[Collected data entries]
== Segment start ==

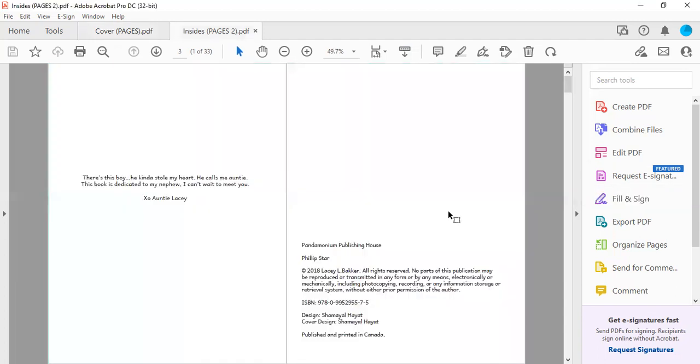There's this boy who kind of stole my heart. He calls me auntie. This book is dedicated to my nephew. 'I can't wait to meet you, love Auntie Lacy.' This was dedicated to my nephew Denver. This was what I gave my sister during her baby shower. He was her very first baby and we were so excited to meet him.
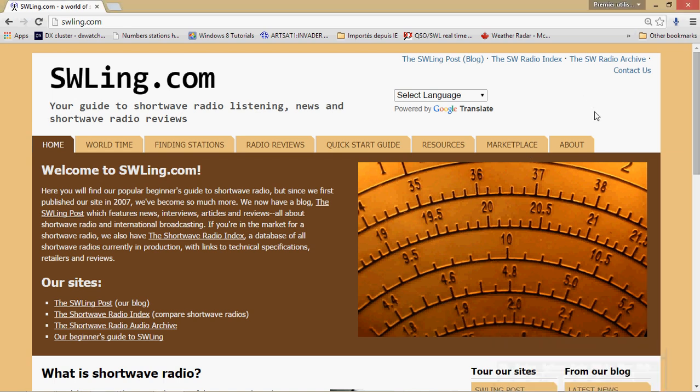Hey, welcome to this radio video and I'm going to have a little review of a website today. This is a website I know and I've known for a long time that I often go to, but usually I always go to by searching for something about shortwave on Google and it brings me here.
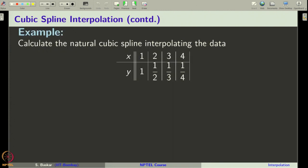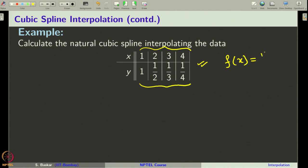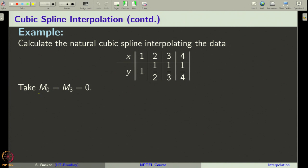Let us see an example. Let us try to construct the natural cubic spline interpolation for a given data set. There are 4 node points and the values of the function at these node points are given. The function we are considering is f(x) equal to 1/x. Since it is a natural spline, we immediately set m_0 equal to m_3 equal to 0. Here n is equal to 3, as we have nodes x_0, x_1, x_2, and x_3.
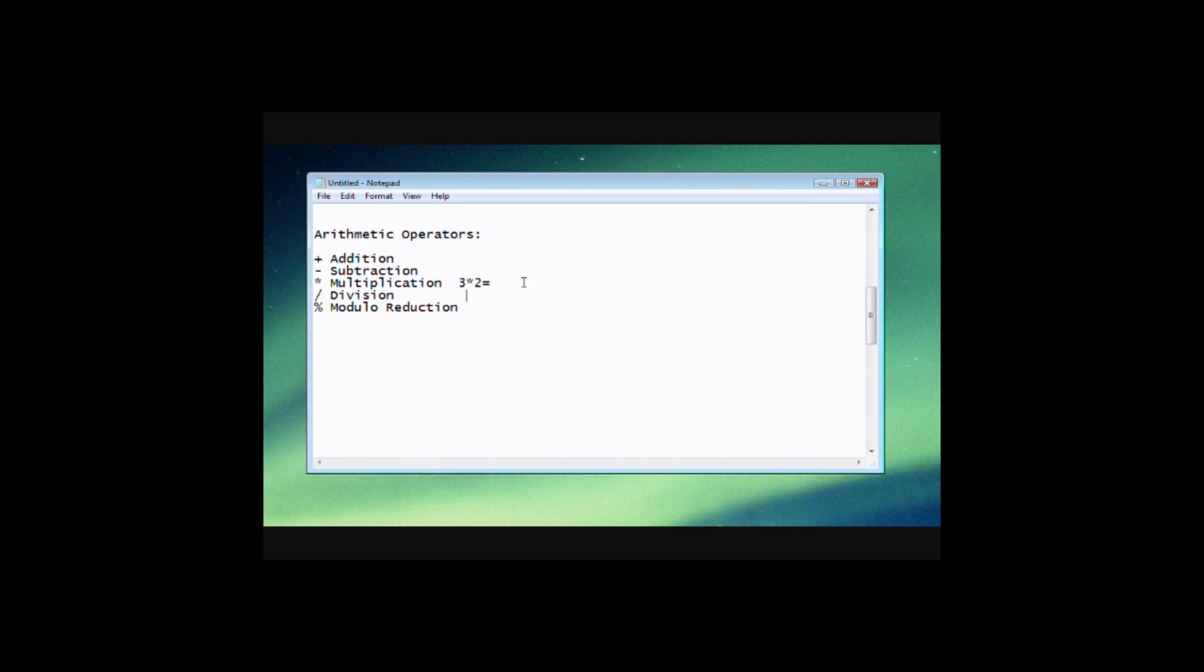And division is kind of the same thing. A lot of times we have the division with the line in the middle with the dot over and under it. It represents division for us. But when you're programming it's always going to be the slash. It's always going to represent division.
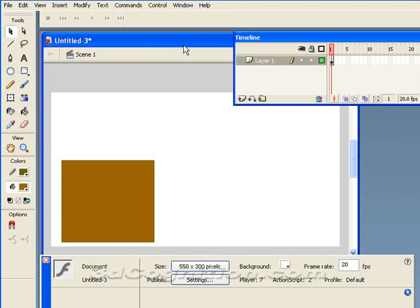What I'm going to show here is how to create a Flash animation using symbols, pivot points, the transform tool, keyframes, and the onion skin tool.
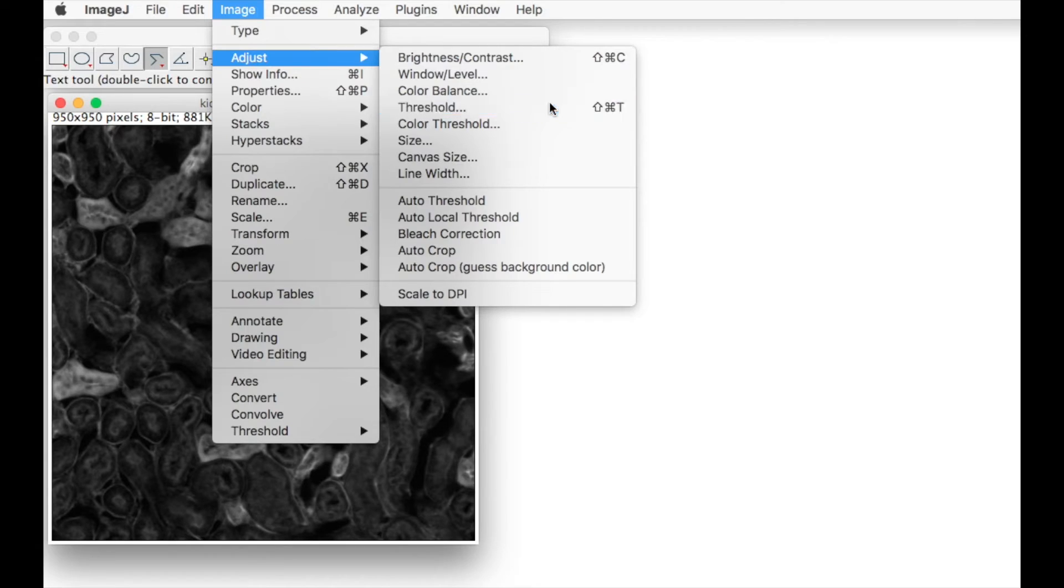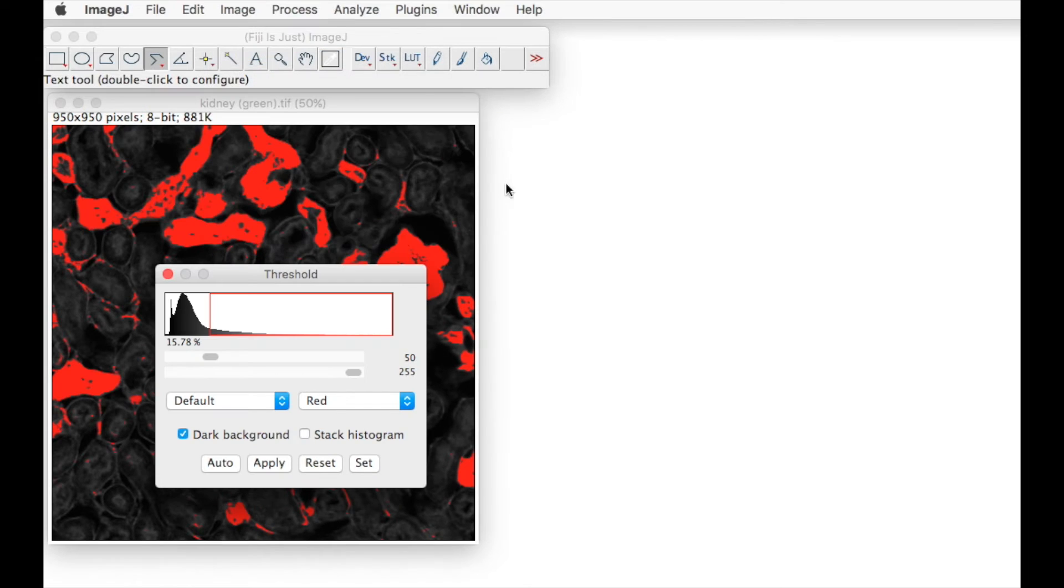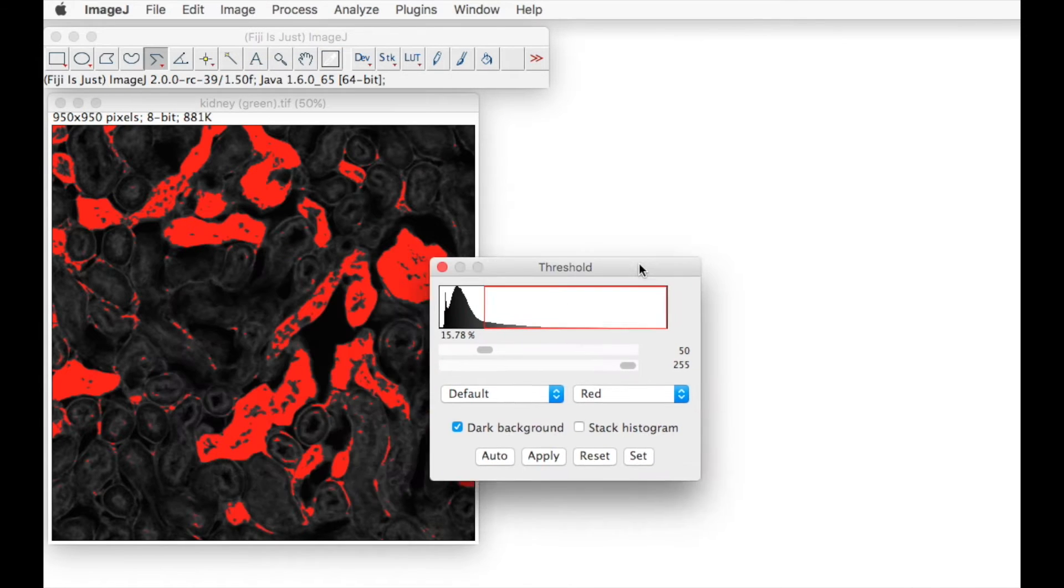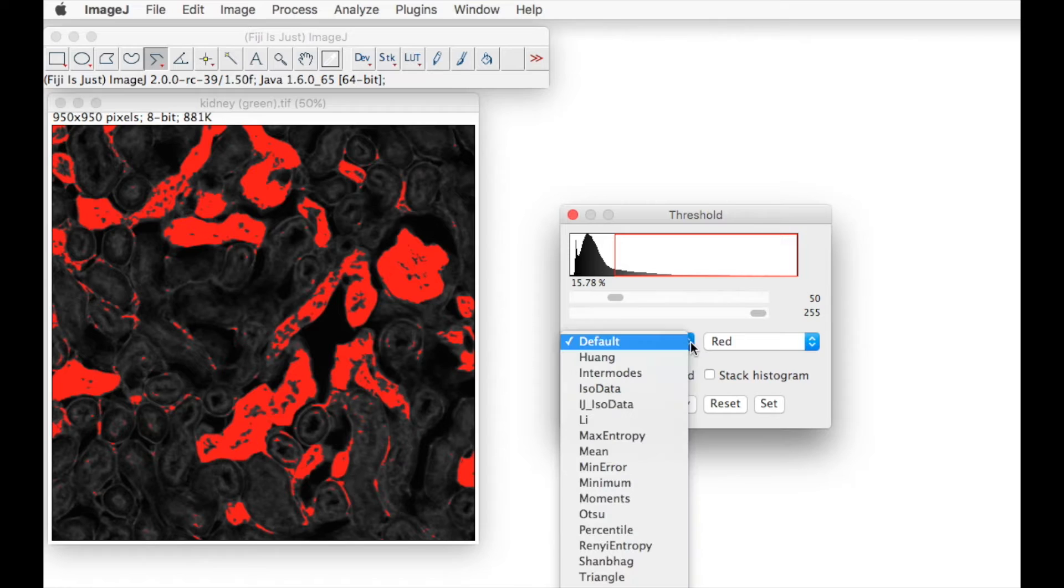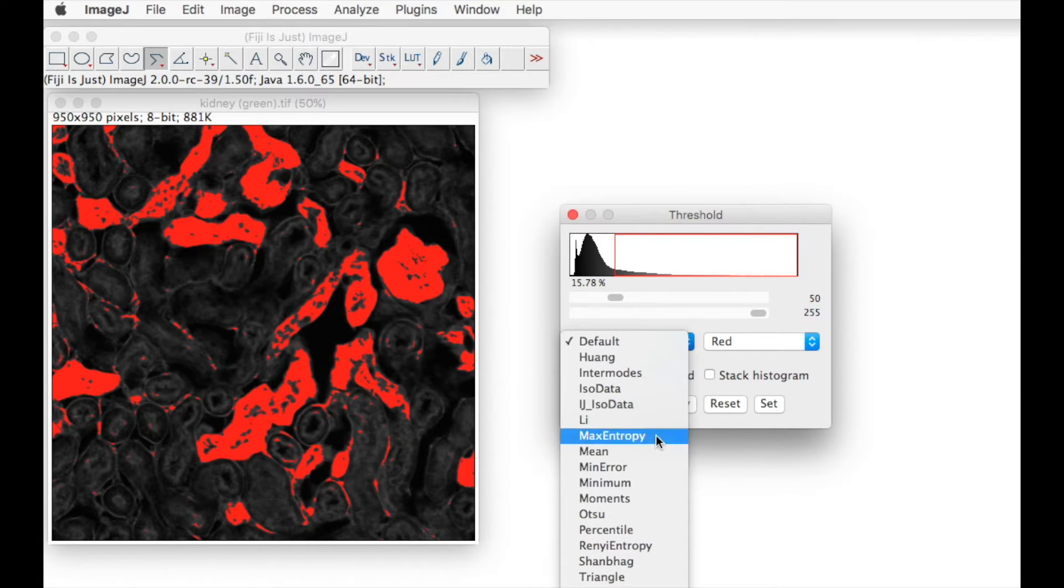Normally we would go to image, adjust, thresholds. We can manually adjust threshold levels and the type of threshold applied.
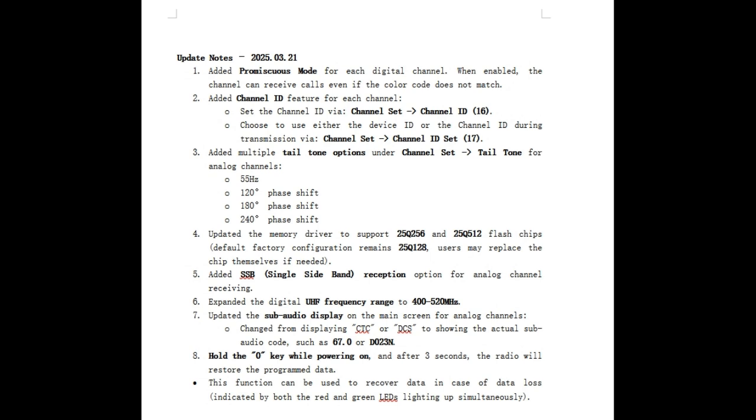Added a single sideband reception option for analog channel receiving. Okay, that is cool. Maybe I can add in some 2-meter, 6-meter, 220, 440 single sideband stuff. Expanded the digital frequency range 400 to 520.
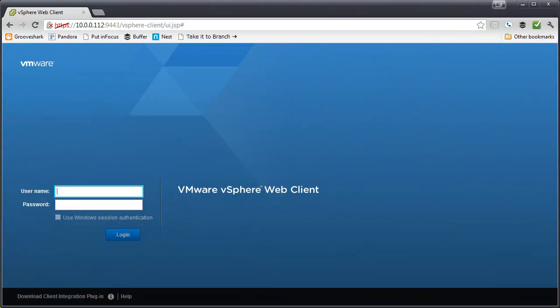Hello, I'm Chris Wahl with The Wahl Network, and today I'm going to give you a sneak peek video into the VMware vSphere web client that came out with vSphere 5.1.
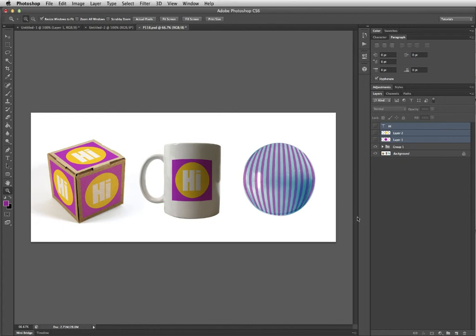In this tutorial we'll be taking a look at how to take an object made up of multiple layers, turn it into a smart object, and then match it up to a dimensional image so that it looks like it's actually part of that image.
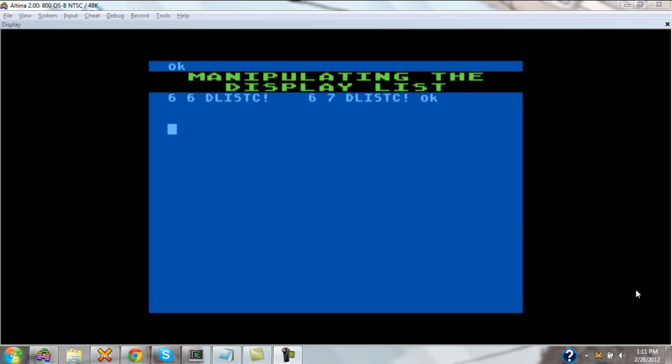We're going to start with a set of words that manipulate the display list. These are the words that I'm working on — I just finished the last major piece last night — and I'm going to build up and show you how all these words build up to make the programming process a lot simpler and a lot more efficient.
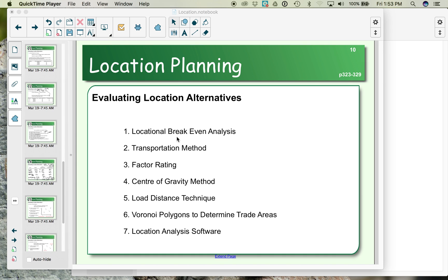As you evaluate locations to decide where to put your company, there are a number of methods for choosing the location once you've narrowed down the alternatives. We have the locational break-even analysis and transportation methods that look at the cost or profits incurred at the different locations. We also have a factor rating analysis that allows us to compare locations using both qualitative and quantitative factors.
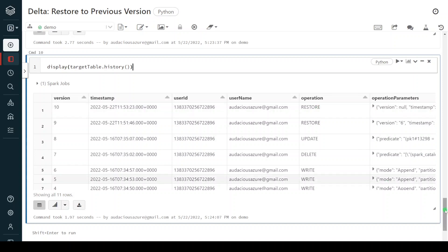I hope you understood what the restore command is and how to use it in PySpark development. Hope you enjoyed this video. If you like the content, please like, comment, and subscribe to this channel. Don't forget to click on the bell button. Thank you.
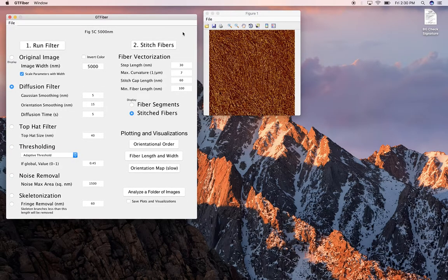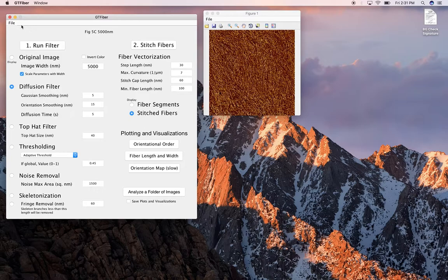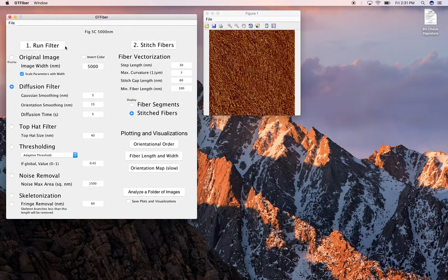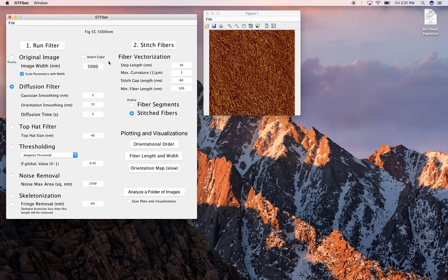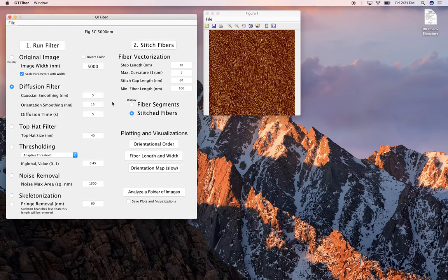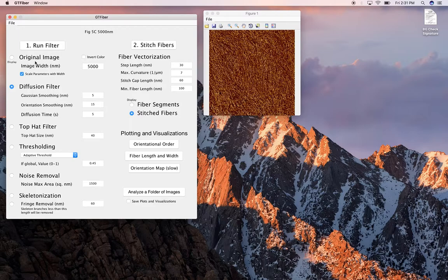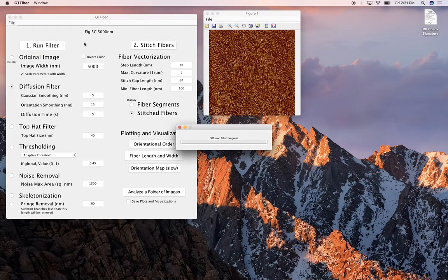So the first thing that should happen if it's successful is it opens up a window that shows your original image, and this is what it looks like. There's not a lot to do really except click these two buttons, to be honest. These parameters are defaults that I set through training this on my particular material system. These are P3HT nanofibers, and so if I click run filter, I'll just show you what happens.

== Segment end ==

(Exercise instructions): Send back the entries above exactly. Skip the images.

(Expected output):
There's this boy who kind of stole my heart. He calls me auntie. This book is dedicated to my nephew. 'I can't wait to meet you, love Auntie Lacy.' This was dedicated to my nephew Denver. This was what I gave my sister during her baby shower. He was her very first baby and we were so excited to meet him.
Hey, welcome to this radio video and I'm going to have a little review of a website today. This is a website I know and I've known for a long time that I often go to, but usually I always go to by searching for something about shortwave on Google and it brings me here.
Let us see an example. Let us try to construct the natural cubic spline interpolation for a given data set. There are 4 node points and the values of the function at these node points are given. The function we are considering is f(x) equal to 1/x. Since it is a natural spline, we immediately set m_0 equal to m_3 equal to 0. Here n is equal to 3, as we have nodes x_0, x_1, x_2, and x_3.
And division is kind of the same thing. A lot of times we have the division with the line in the middle with the dot over and under it. It represents division for us. But when you're programming it's always going to be the slash. It's always going to represent division.
What I'm going to show here is how to create a Flash animation using symbols, pivot points, the transform tool, keyframes, and the onion skin tool.
Normally we would go to image, adjust, thresholds. We can manually adjust threshold levels and the type of threshold applied.
Added a single sideband reception option for analog channel receiving. Okay, that is cool. Maybe I can add in some 2-meter, 6-meter, 220, 440 single sideband stuff. Expanded the digital frequency range 400 to 520.
Hello, I'm Chris Wahl with The Wahl Network, and today I'm going to give you a sneak peek video into the VMware vSphere web client that came out with vSphere 5.1.
In this tutorial we'll be taking a look at how to take an object made up of multiple layers, turn it into a smart object, and then match it up to a dimensional image so that it looks like it's actually part of that image.
We're going to start with a set of words that manipulate the display list. These are the words that I'm working on — I just finished the last major piece last night — and I'm going to build up and show you how all these words build up to make the programming process a lot simpler and a lot more efficient.
As you evaluate locations to decide where to put your company, there are a number of methods for choosing the location once you've narrowed down the alternatives. We have the locational break-even analysis and transportation methods that look at the cost or profits incurred at the different locations. We also have a factor rating analysis that allows us to compare locations using both qualitative and quantitative factors.
I hope you understood what the restore command is and how to use it in PySpark development. Hope you enjoyed this video. If you like the content, please like, comment, and subscribe to this channel. Don't forget to click on the bell button. Thank you.
So the first thing that should happen if it's successful is it opens up a window that shows your original image, and this is what it looks like. There's not a lot to do really except click these two buttons, to be honest. These parameters are defaults that I set through training this on my particular material system. These are P3HT nanofibers, and so if I click run filter, I'll just show you what happens.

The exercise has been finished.